Distributed friends-of-friends works similarly. For example:


```python
from dataclasses import asdict

def write_callback(rank, cata: jz.data.FofCatalogue):
    cata = jz.data.squeeze_catalogue(cata)
    print(f"rank: {rank} ngroups {cata.ngroups}")
    np.savez(f"fof_catalogue_rank_{rank}.npz", **asdict(cata))

def write_fof_catalogue(N, npad):
    rank, ndev, axis_name = jz.comm.get_rank_info()

    part = ics.uniform_particles(N, npad=npad)
    
    rlink = 0.7 * np.cbrt(1./part.num_total)

    partf, cata = jz.fof.fof_and_catalogue(part, rlink=rlink)

    jax.debug.callback(write_callback, rank, cata)
write_fof_catalogue.smap = jz.jax_ext.shard_map_constructor(
    write_fof_catalogue, in_specs=(None, None), out_specs=None, 
    static_argnames=["N", "npad"]
)

write_fof_catalogue.smap(mesh, jit=True)(250000, 100000)
```

    rank: 3 ngroups 310
    rank: 1 ngroups 322
    rank: 0 ngroups 337
    rank: 2 ngroups 320


```{note} 
You may notice that JIT compilation takes significantly longer than for the single-GPU version. This is because **JAX's** communication routines compile relatively slowly and FoF requires many of them.
```

Here we have written the catalogues to disk in a host callback. Inside the host callback, the data is given as NumPy arrays and we can remove the padding in the catalogue with `jztree.data.squeeze_catalogue`. Every rank writes its own NumPy file.
Here you can verify that the output makes sense:


```python
for rank in range(0,4):
    cata = np.load(f"fof_catalogue_rank_{rank}.npz")
    print("rank", rank, "ngr", cata["ngroups"], "largest ten:", np.sort(cata["count"])[::-1][0:10])
```

    rank 0 ngr 337 largest ten: [61 54 46 45 43 43 43 43 42 41]
    rank 1 ngr 322 largest ten: [64 61 51 47 45 45 43 41 40 40]
    rank 2 ngr 320 largest ten: [64 62 55 46 46 44 41 41 40 39]
    rank 3 ngr 310 largest ten: [60 52 50 47 46 44 43 43 42 41]

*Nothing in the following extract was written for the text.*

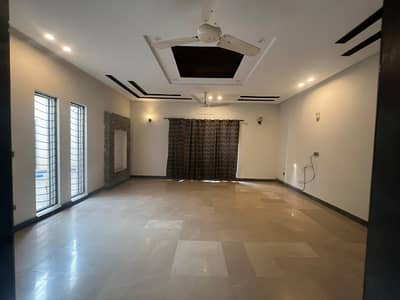 01 KANAL DESIGNER LUXURY UPPER PORTION AVAILABLE FOR RENT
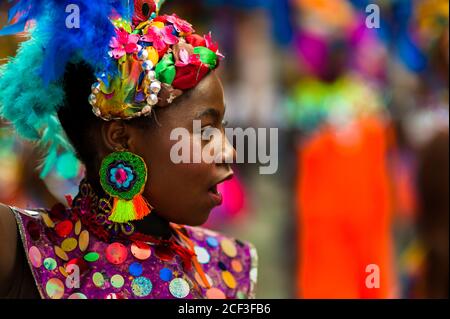 Eine afro-kolumbianische Tänzerin des Viertels La Yesquita tritt während des San Pacho Festivals in Quibdó, Kolumbien, auf. Stockfoto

Of course, for an HPC code it is advisable to use a more advanced file format like HDF5 to save the data.

## Multi-host execution and performance

Generally, to execute the code with multiple hosts, all you need to add before calling any other JAX function is:
```python
import jax
jax.distributed_initialize()
```
Of course, you should use a `.py` script (rather than an `.ipynb` notebook) for your code, and with Slurm you may execute it as `srun python myscript.py`. To get good performance, it is very important that you provide a sufficient number of CPUs per task. These extra CPUs are heavily involved in communication, e.g. see [this GitHub issue](https://github.com/jax-ml/jax/discussions/34883). For the same reason, the single-host multiple-GPU case is significantly slower than the case where you provide one task per GPU. So it is recommended to only use it to interactively develop and test code.

Here is an example Slurm script that I use for some performance measurements on 4 nodes with 4 GPUs each:
```slurm
#!/bin/bash
#SBATCH --nodes=4
#SBATCH --ntasks-per-node=4
#SBATCH --cpus-per-task=8
#SBATCH --time=00:30:00
#SBATCH --gres=gpu:4
# ...

conda activate cu12.2
cd repos/jz-tree/checks/profiling

srun python multi_gpu.py
```

Of course, the setup may vary notably, depending on your cluster.